El día amaneció gris, muy gris y cuando emprendimos camino a la estación de autobuses se desencadenó el diluvio. Bajo un cielo que, literalmente se desplomaba sobre nuestras cabezas, llegamos a la estación sobre las 8:30 horas. Los controles de seguridad fueron sencillos y tampoco nos costó demasiado encontrar la cola correcta para el autobús que nos tenía que llevar a Leshan.
Ya en camino, y cuando parecía que el destino se apiadaba de nosotros pues había dejado por fin de llover, un monumental atasco en la autopista nos tiene más de una hora completamente inmóviles. Dado que por el sentido contrario los vehículos circulan con normalidad, suponemos que se trata de un accidente o una avería que ha bloqueado el camino en nuestro sentido.

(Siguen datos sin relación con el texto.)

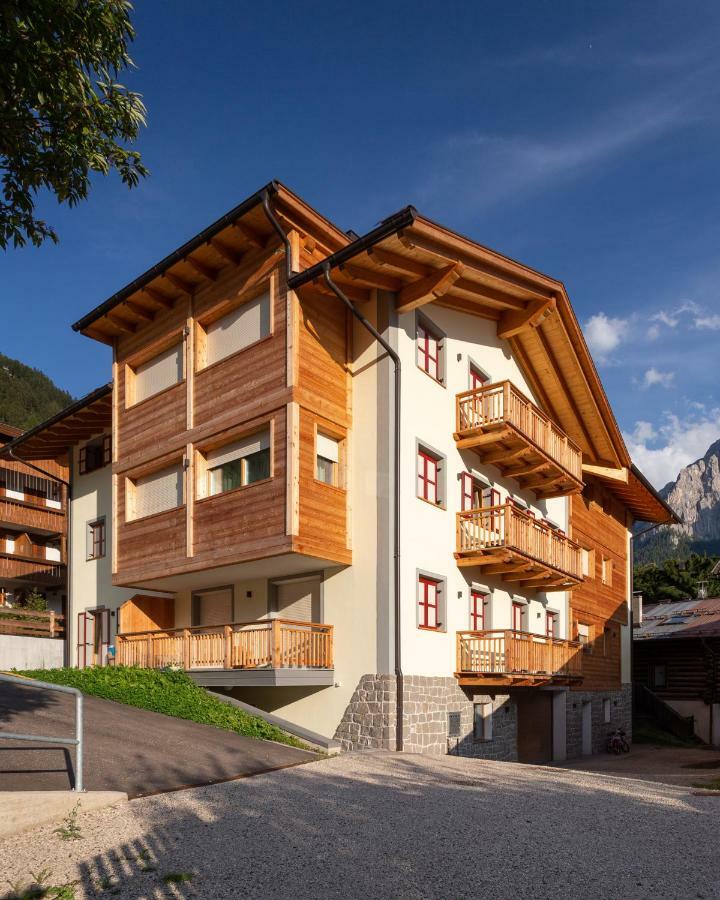 Casa Chris By Ama Val Di Fassa Apartment Поца ди Фаса Екстериор снимка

Durante esa hora asistimos a una gratuita lección del más puro estoicismo zen, sin inmutarse, sin que nadie se ponga nervioso –a excepción de nosotros, claro-, todo el mundo se organiza para hacer más llevadera la espera. Salimos a la carretera y se montan corrillos donde algunos comen, otros fuman, incluso aparece algún mazo de cartas… simplemente se trata de pasar el tiempo.
Y el tiempo pasa, y tan sorpresivamente como se hizo el atasco, éste se deshace y a buena marcha llegamos hasta Leshan. Al bajar del autobús, numerosas manos nos indican y señalan las minivans que, por 5 Y, nos conducirán hasta la entrada misma del recinto que aloja al gran Buda.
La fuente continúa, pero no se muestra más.